Driver crash in vkQueuePresentKHR upon unplugging external HDMI display on Windows 10

Hi,

I’ve experienced an NVIDIA driver crash on several Windows-10-powered PCs in an SDL2/Vulkan-based game that my company is developing and have been able to reproduce it almost every time under the following conditions:

  • Plug in an additional HDMI display device before starting your application, and set the display behaviour to Duplicate to have both of your display devices display the same application.
  • Start any Vulkan-based application in fullscreen-exclusive mode (i.e. one that creates its window with the WS_POPUP | WS_CLIPSIBLINGS | WS_CLIPCHILDREN style, and calls ChangeDisplaySettings or ChangeDisplaySettingsEx with the CDS_FULLSCREEN parameter – setting the new resolution to be different from your desktop resolution maximizes the odds to reproduce the issue in our tests). This issue cannot be reproduced if you start the application in windowed mode or borderless windowed mode. In order to avoid writing a Vulkan application from scratch just for testing, you may consider using one of the Vulkan examples kindly provided by Sascha Willems at https://github.com/SaschaWillems/Vulkan: passing the --fullscreen command-line argument starts the application in fullscreen-exclusive mode, and the -width and the -height command-line arguments can be used to specify the width and height of your window. The gears example was a good one for us to reproduce the issue.
  • Unplug the external display device you plugged in earlier.
  • At this point, depending on your hardware and configuration, different things can happen:

  • On my ASUS mobile gaming PC with a GTX 980M GPU and a G-sync 1920×1080 embedded monitor, this causes the application to become very choppy for about 2 seconds, and then freezes and causes a driver crash (not a BSOD, just a black screen followed by a heavily-corrupted image on the remaining display device). The driver is then restarted by Windows 10, although sometimes, this causes Windows 10 to just reboot. This behavior did not depend on the NVIDIA driver version (latest test was performed on the 441.87 version, if this is any relevant). When the driver is done restarting, most Vulkan functions called by the application return VK_ERROR_DEVICE_LOST, and attempts to recover properly are always unsuccessful: trying to tear down and then recreate the device causes the following to be displayed by the Vulkan validation layers:
    terminator_CreateDevice: Failed in ICD C:\WINDOWS\System32\DriverStore\FileRepository\nvami.inf_amd64_039a3b72bf87b399\.\nvoglv64.dll vkCreateDevicecall
    vkCreateDevice:  Failed to create device chain.
    
  • I've also tried to completely tear down the Vulkan context (including the VkInstance) and then create an OpenGL context when this occurred, and this caused our application to crash upon calling any glXXX function.
  • On my colleague's desktop PC with a GTX 650 Ti (driver version: 432.00) and a (rather old, non G-sync) 1360×768 screen, neither the application nor the driver will crash, but this causes the remaining display to flicker, alternating between a completely black screen and the expected output of the application.
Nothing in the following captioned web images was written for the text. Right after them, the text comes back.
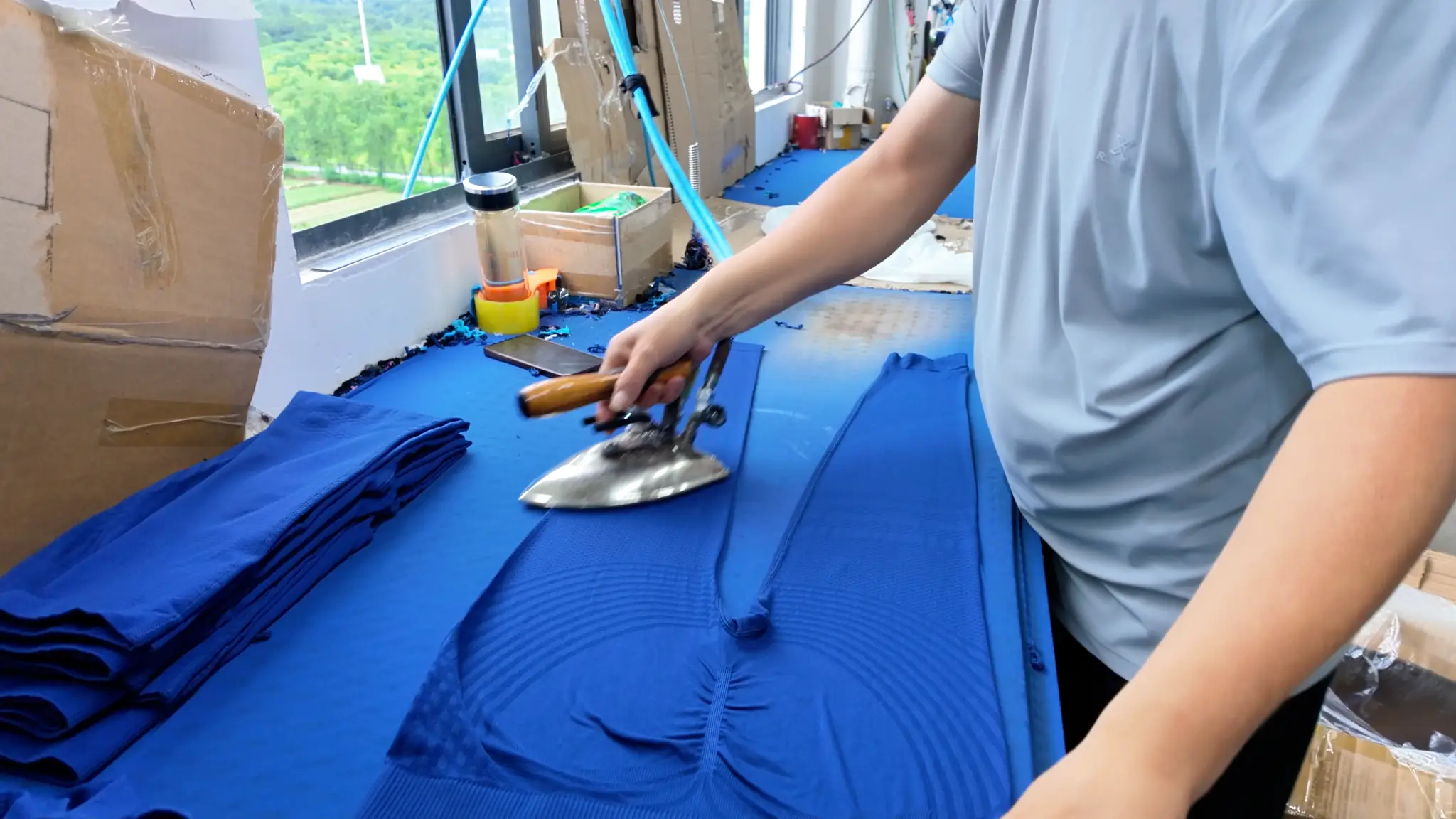 MOVEVOX garment steam pressing and finishing work area with actual production equipment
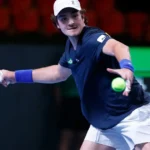 Tenista de camiseta azul-marinho com detalhe da bandeira do Brasil devolve bola de backhand com raquete vermelha em quadra de piso verde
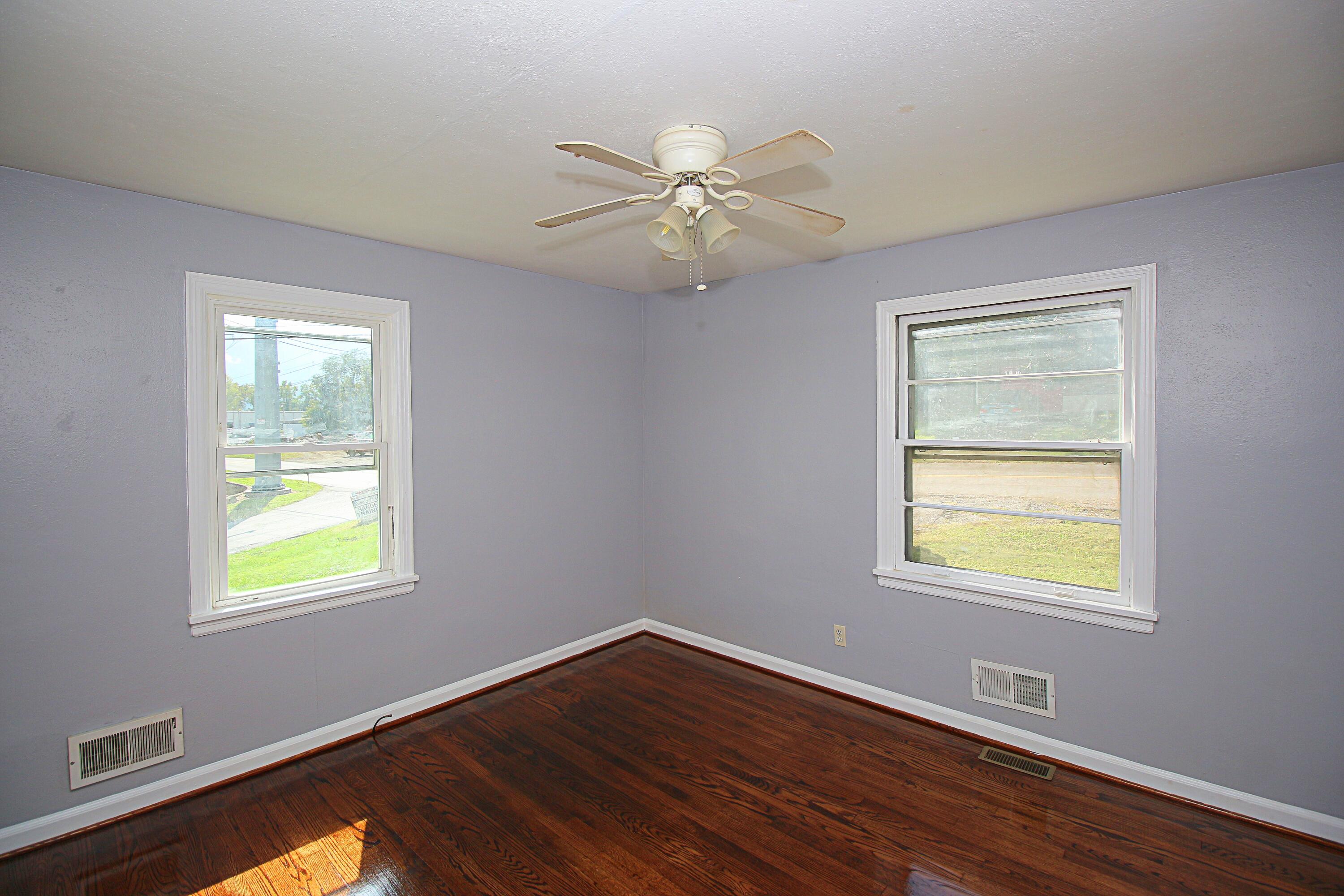 2205 Plantation Road Northeast Roanoke, VA 24012 - Photo 6 of 13 a view of an empty room with wooden floor and a window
If your application is able to toggle between fullscreen-exclusive mode and windowed mode with a shortcut such as Alt+Tab, then using this shortcut may put this flickering phenomenon to an end, restoring the application to a "normal" state.
  • Our internal logs showed that the crash/unexpected behavior occurs in the vkQueuePresentKHR function (time logs indeed showed that 2-10 seconds are spent inside this function when the issue occurs), but the latest Vulkan SDK’s validation layers (version 1.1.30) do not output any error message, apart from the vkCreateDevice error message above.

    We tried to reproduce this issue with an OpenGL context instead of a Vulkan context, and all of our attempts have failed: unplugging the external display device does not cause this issue.
    We also tried to reproduce it with a Surface Pro 4 tablet PC (which only has an Intel iGPU), both with Vulkan and OpenGL, but the issue didn’t show up in this case either.
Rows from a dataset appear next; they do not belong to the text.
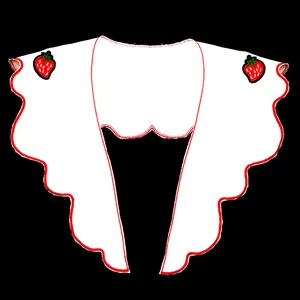 Macro view of white lace collar featuring red scalloped edges and strawberry embroidery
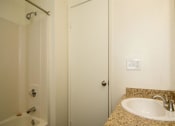 Thumbnail 5 of 27 - Renovated Bathrooms With Quartz Counters at Country Club Terrace Apartments, Arizona, 86004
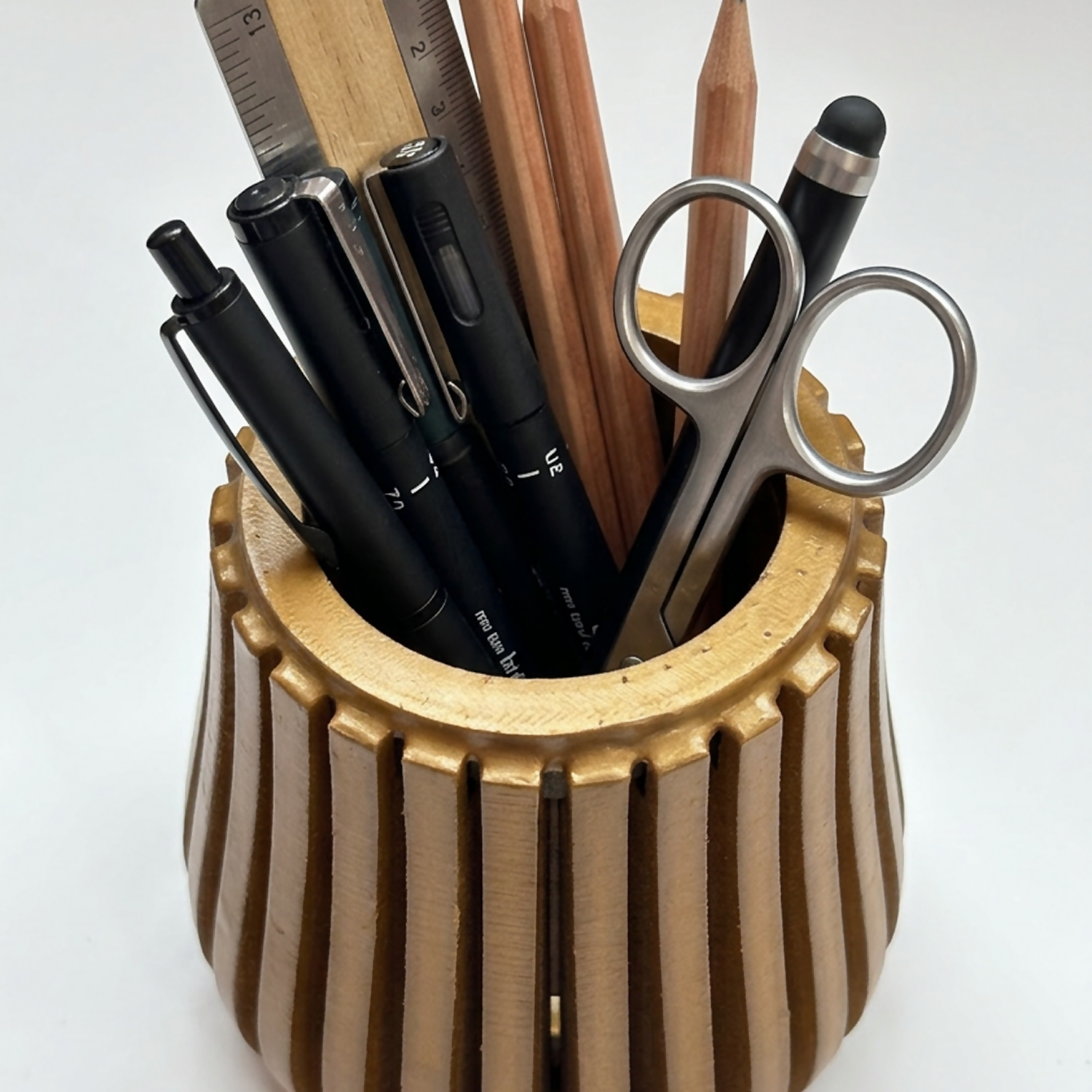 Modern wooden desk organizer stand holding various pens, pencils, and office supplies.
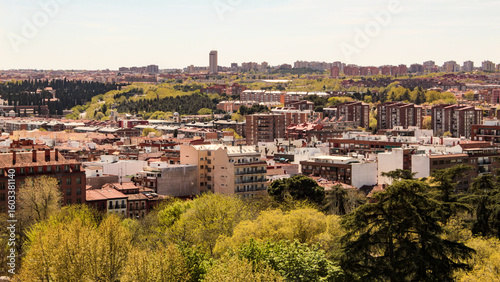 Partial view of the Casa de Campo neighborhood, Moncloa-Aravaca district and the trees of the Case de Campo park, the largest public park in the city of Madrid, Spain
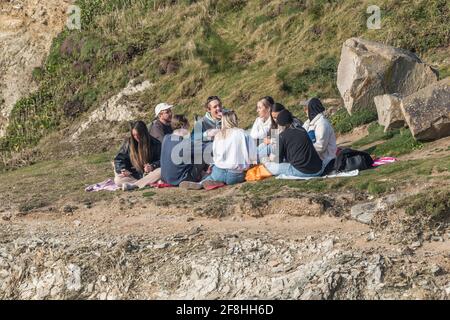 Eine Gruppe junger Leute, die zusammen sitzen und sich im Little Fistral in Newquay in Cornwall treffen. Stockfoto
    All of the former have led me to believe this is an NVIDIA driver bug that is specific to Vulkan (maybe a presentation engine bug?).
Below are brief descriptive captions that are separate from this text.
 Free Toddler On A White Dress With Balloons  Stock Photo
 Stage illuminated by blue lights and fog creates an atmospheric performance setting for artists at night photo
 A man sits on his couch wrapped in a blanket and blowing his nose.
    Also, not sure how relevant this is, but our tests were performed using a Samsung 4K TV as the external display device, and the present mode we used was VK_PRESENT_MODE_FIFO_KHR.

    Looking forward to your replies!

    Best,
    Alex

    Still getting this issue as of today.

    I no longer get a black screen on my gaming laptop as I used to, but I now get a BSoD with error PAGE_FAULT_IN_NONPAGED_AREA located in file nvlddmkm.sys (Windows 10 updates have probably changed the way such issues are handled by the OS, which, I believe, is the main reason why a BSoD is now triggered by this driver issue).

    For some reason, this crash does not occur when my application is run using the Visual Studio (2015, if any relevant) debugger (application behaves correctly, returning VK_ERROR_OUT_OF_DATE_KHR from the vkQueuePresentKHR function, and swap chain recreation works fine), but it does in all other conditions (running using the LLDB debugger, or running without any debugger). I guess the Visual Studio Debugger uses some kind of fault-tolerant heap here?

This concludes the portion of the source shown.